Budget cuts don't threaten our security
Phil Poutre’s letter (Sept. 23, Daily Bee) makes it sound like budget cuts threaten our national security. That might sound scary if you don’t know actual facts in context of the national budget. The Budget Control Act (August 2011) agreed upon by the bi-lateral committee sets balanced reductions in all discretionary spending both military and non-military that will save about $1 trillion over the next 10 years. The Pentagon and White House proposed a military budget that saves about half that total (since military budget comprises about half of all discretionary spending). Can the military budget afford those reductions? Yes indeed.
First, military spending more than doubled between 2001 (at $350 billion) and 2010 (at $700 billion). The proposed cuts, 1 trillion spread over the next 10 years only bring Pentagon spending back to the 2007 funding level, at the height of the Iraq war.
Second, the U.S. military budget is higher today in inflation adjusted terms than at any time in the last 60 years. The amount U.S. spends ($700 billion annually) is about seven times as much as China spends on its military. That $700 billion is about the same as the combined total military expenditures of China, Russia, England, France, Japan, plus the 20 next largest military countries, all combined. This is no national security risk.

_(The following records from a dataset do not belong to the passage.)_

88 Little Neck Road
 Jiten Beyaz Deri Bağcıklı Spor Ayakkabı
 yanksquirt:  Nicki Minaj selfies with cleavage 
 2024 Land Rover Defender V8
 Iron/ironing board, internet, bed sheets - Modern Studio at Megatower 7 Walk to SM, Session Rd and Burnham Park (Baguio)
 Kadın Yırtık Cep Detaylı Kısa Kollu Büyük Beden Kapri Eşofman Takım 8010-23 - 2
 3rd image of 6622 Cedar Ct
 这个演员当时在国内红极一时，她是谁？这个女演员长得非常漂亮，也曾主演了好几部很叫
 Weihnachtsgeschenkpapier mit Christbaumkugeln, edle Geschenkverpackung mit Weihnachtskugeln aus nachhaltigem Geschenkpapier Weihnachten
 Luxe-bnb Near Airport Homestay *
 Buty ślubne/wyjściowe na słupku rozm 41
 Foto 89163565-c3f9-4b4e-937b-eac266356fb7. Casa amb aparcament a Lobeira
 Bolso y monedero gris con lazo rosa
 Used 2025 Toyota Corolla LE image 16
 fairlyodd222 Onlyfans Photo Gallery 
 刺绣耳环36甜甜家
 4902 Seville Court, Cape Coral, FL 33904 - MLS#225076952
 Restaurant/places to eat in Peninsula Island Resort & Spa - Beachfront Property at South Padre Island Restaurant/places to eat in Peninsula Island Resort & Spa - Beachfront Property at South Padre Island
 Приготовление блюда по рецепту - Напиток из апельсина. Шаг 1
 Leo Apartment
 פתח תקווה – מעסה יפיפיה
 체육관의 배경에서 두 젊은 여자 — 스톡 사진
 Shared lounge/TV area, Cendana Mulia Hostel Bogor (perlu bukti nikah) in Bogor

The proposed balanced across the board cuts will drop U.S. military to $500 billion next year (that was our military budget in 2007) and let it increase back up to $700 billion again in 2021. If the Pentagon doesn’t pay its fair share to balance the budget, everything else from Head Start to Meals on Wheels, education, roads and infrastructure, medical research, etc. would have to be cut doubly.
I recommend contacting our congressional delegation and ask that the budget cuts be left as planned: balanced and across the board.